*** GIVEN DATA Section Begins ***
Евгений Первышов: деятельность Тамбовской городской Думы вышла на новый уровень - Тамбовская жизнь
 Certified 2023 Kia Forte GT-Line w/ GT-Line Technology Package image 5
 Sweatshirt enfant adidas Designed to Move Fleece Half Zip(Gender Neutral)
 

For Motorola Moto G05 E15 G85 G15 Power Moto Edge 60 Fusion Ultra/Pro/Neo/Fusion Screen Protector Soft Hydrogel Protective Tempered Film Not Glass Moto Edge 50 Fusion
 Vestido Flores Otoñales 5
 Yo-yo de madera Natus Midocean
*** GIVEN DATA Section Ends ***
### PROBLEM DETAILS
Repeat exactly, and only, the lines from the one containing "Vestido Flores Otoñales 5" through the end of the material.

### WORKED SOLUTION
 Vestido Flores Otoñales 5
 Yo-yo de madera Natus Midocean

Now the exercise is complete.